This year brought a softer and rounder look to the Chevrolet Styleline and Chevrolet Fleetline though little changed in overall contour.
Deluxe models included neat fender skirts and they also displayed such extras as stainless steel moldings on front fenders and doors along with a 39-hour wind up clock inside.
An outside sun shade, bumper wing tips or a grille guard were options to dress up any Chevrolet and many were.
Gauges were grouped in two circular clusters with non-glare lighting within the new curved “safety-sight” instrument panel. The control knobs sat in a recessed panel below the instrument panel.
Another safety changed, “Jumbo-Drum” brakes took much less, about 25%, pedal pressure to apply. They were promoted as the largest in the low-priced field.

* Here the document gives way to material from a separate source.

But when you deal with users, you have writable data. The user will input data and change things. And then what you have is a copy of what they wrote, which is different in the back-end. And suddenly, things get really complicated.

Chevy started the 1951 season with models in two body styles, notchback Styleline or fastback Fleetline with trim options again being either Special or Deluxe. Most of the Fleetline fastbacks were phased out at midyear, leaving the solo two-door Deluxe. Americans believed the slantback body to be old fashioned now and were no longer drawn to them.
The production of Chevy Bel’s rose sharply despite both Ford and Plymouth having added hardtop body styles this year. The tune “See the USA in your Chevrolet” by Dinah Shore not only had Americans whistling and humming, but also started appearing as a slogan in print ads.
The Powerglide made an appearance in more than 43 percent of Deluxe Chevrolets making it obvious that customers weren’t worried about its reputation for slippage and slowness. It had the smooth flow of power that it was claimed to, but acceleration and performance were considerably lacking.
Compared to a record-breaking 1950, sales dipped slightly to below 1.25 million, however, Chevrolet still finished comfortably ahead of Ford and held on to its first-place ranking.